Extracted information:
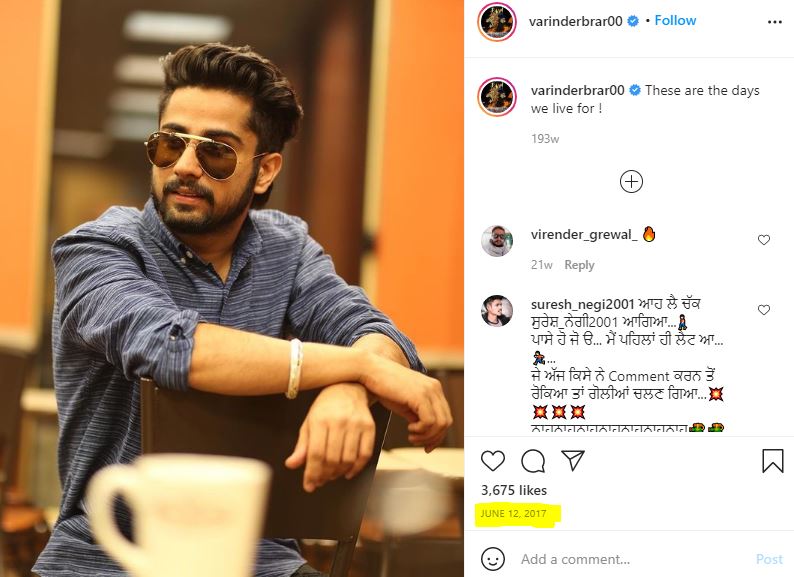Varinder Brar Wiki, Height, Age, Wife, Family, Songs, Biography & More 11 Varinder Brar first Instagram post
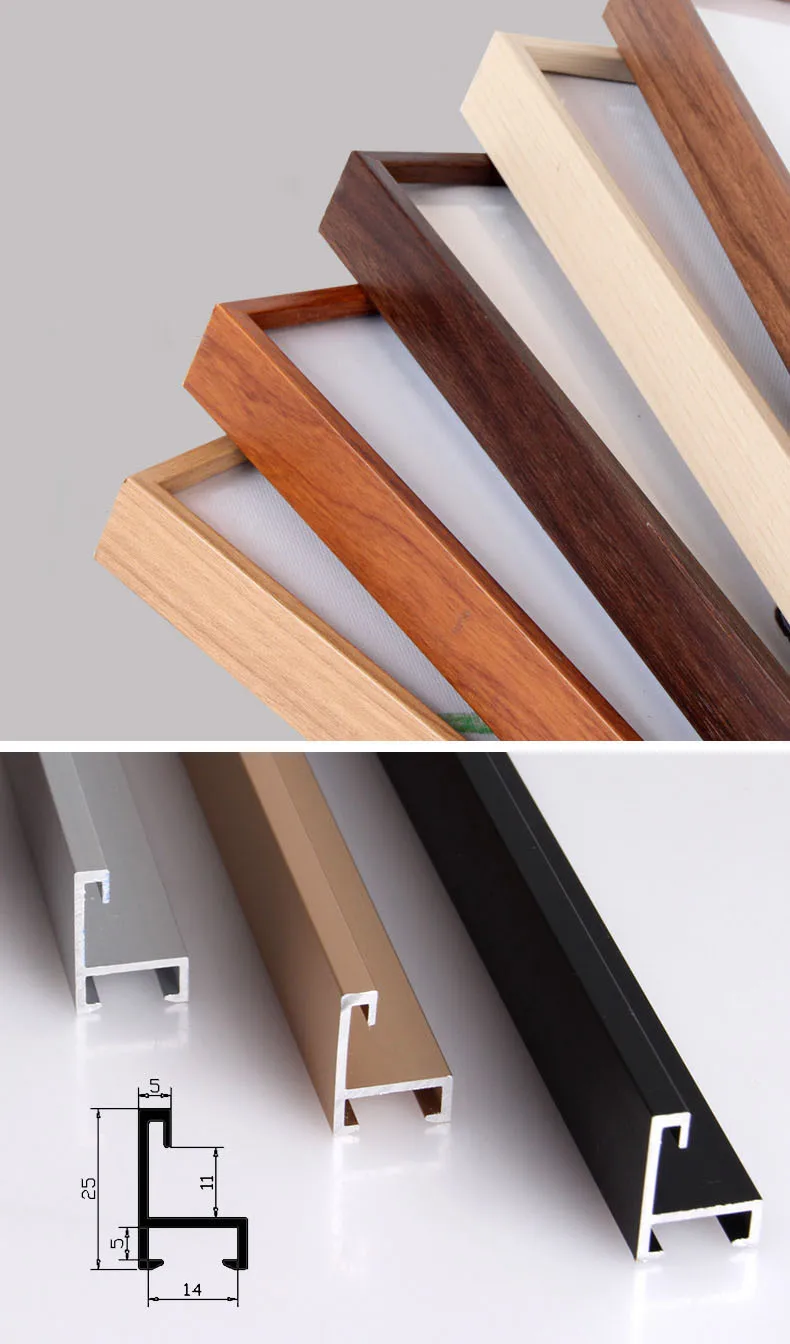 Customized 8x10 Inch Metal Picture Frame, Aluminum Gold Photo Frame for Picture Diy Assemble Wall Hanging Frame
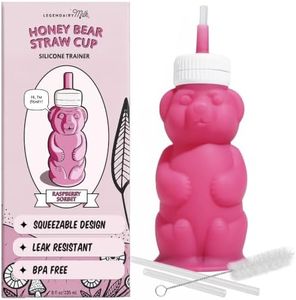 Legendairy Milk Honey Bear Straw Cup Silicone for Babies (Pink), 8 oz. Dishwasher Safe, Food Grade Silicone, Honeybear Sippy Cup for Ages 4+ Months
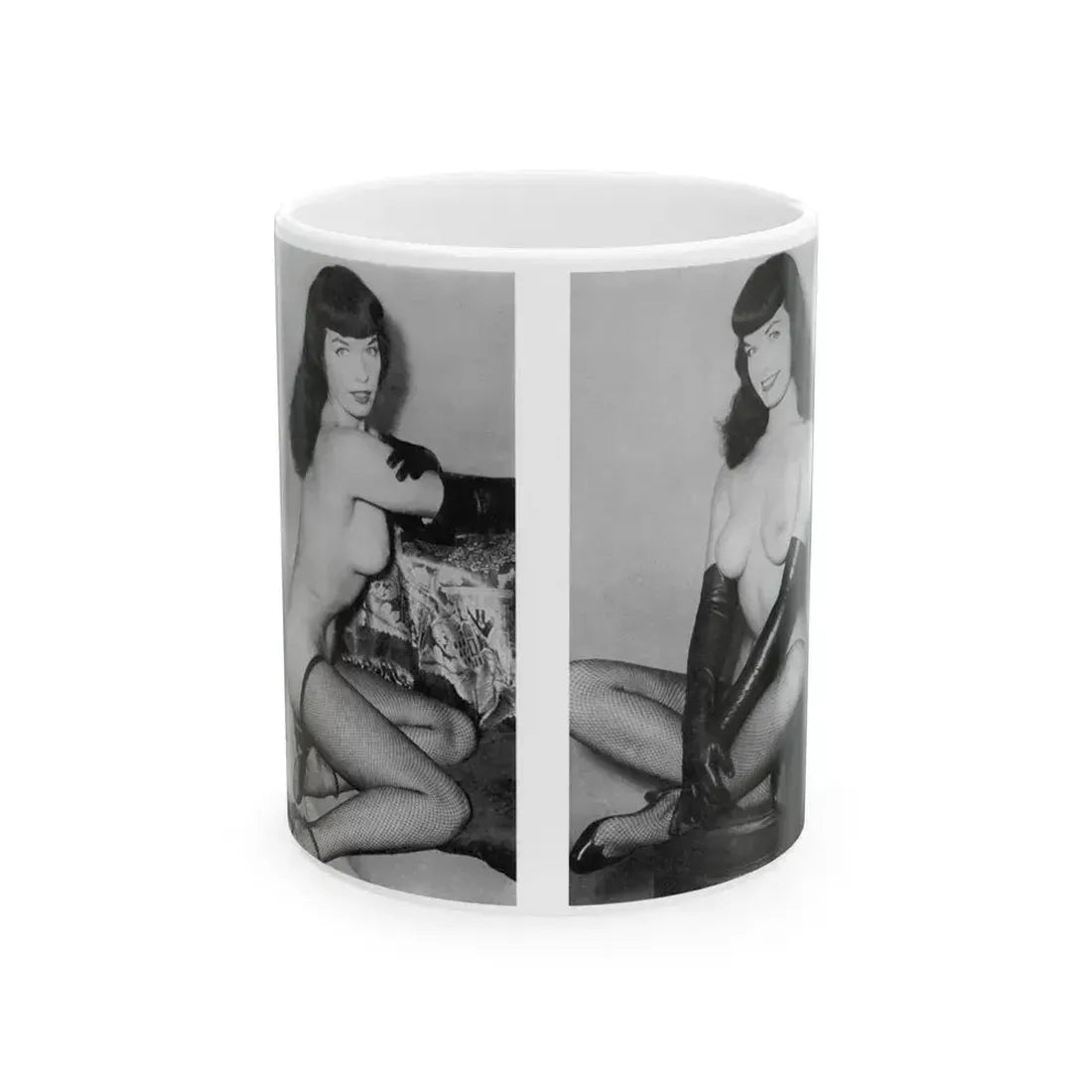 Bettie Page #607 (Vintage Female Icon) White Coffee Mug 11oz - Go Mug Yourself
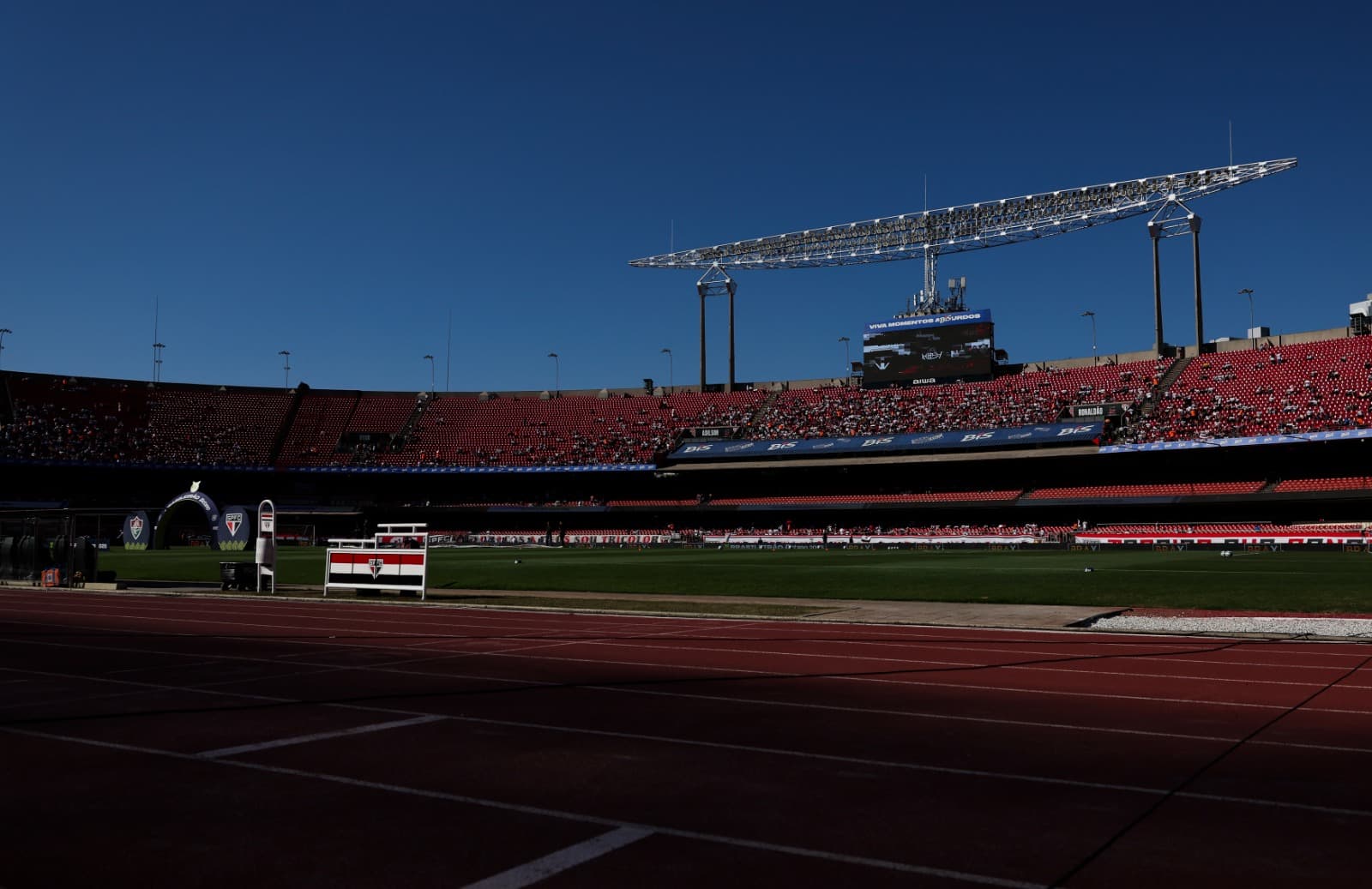 Vista geral do estádio antes da partida do Brasileirão 2025 entre São Paulo e Fluminense, no Estádio MorumBIS, em 27 de julho de 2025, em São Paulo, Brasil.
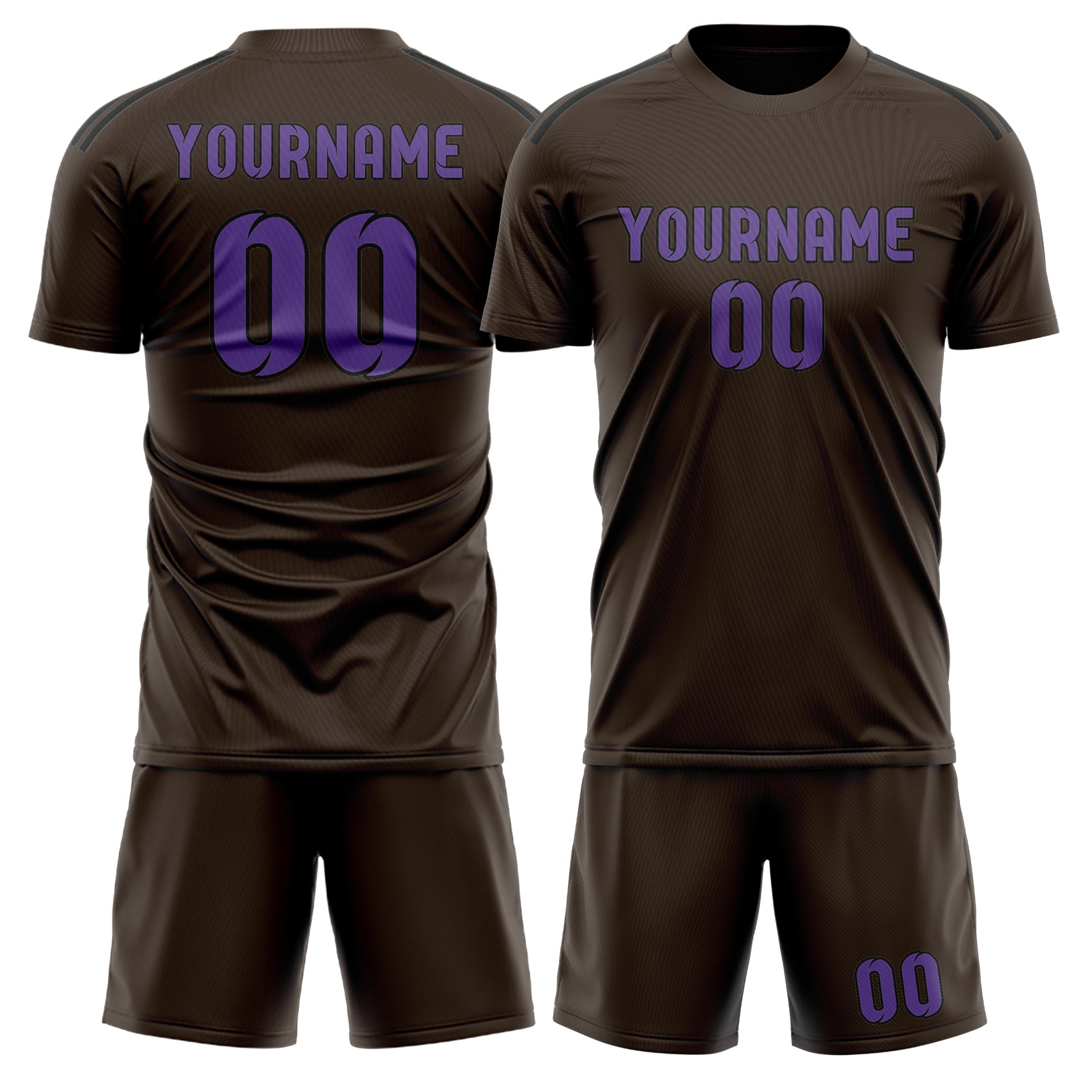 Custom Brown Light Purple Soccer Set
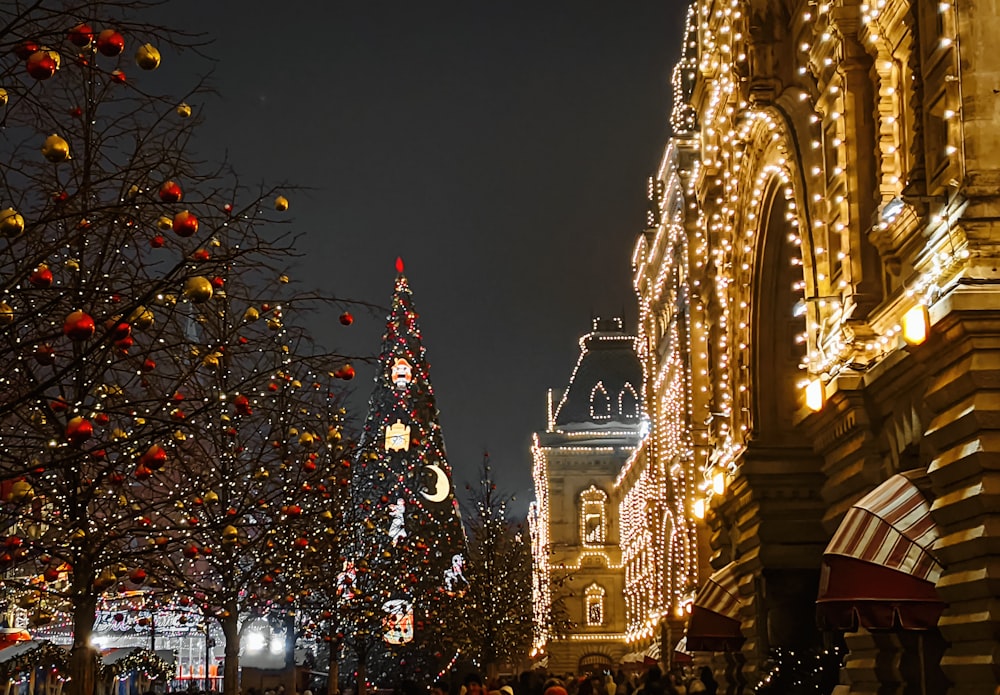 a christmas tree is lit up in the middle of a street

Instructions for the task:
Write the lines out word for word, starting at the one with "Legendairy Milk Honey" and stopping after the last line of the material above, with pictures excluded.

Solution:
 Legendairy Milk Honey Bear Straw Cup Silicone for Babies (Pink), 8 oz. Dishwasher Safe, Food Grade Silicone, Honeybear Sippy Cup for Ages 4+ Months
 Bettie Page #607 (Vintage Female Icon) White Coffee Mug 11oz - Go Mug Yourself
 Vista geral do estádio antes da partida do Brasileirão 2025 entre São Paulo e Fluminense, no Estádio MorumBIS, em 27 de julho de 2025, em São Paulo, Brasil.
 Custom Brown Light Purple Soccer Set
 a christmas tree is lit up in the middle of a street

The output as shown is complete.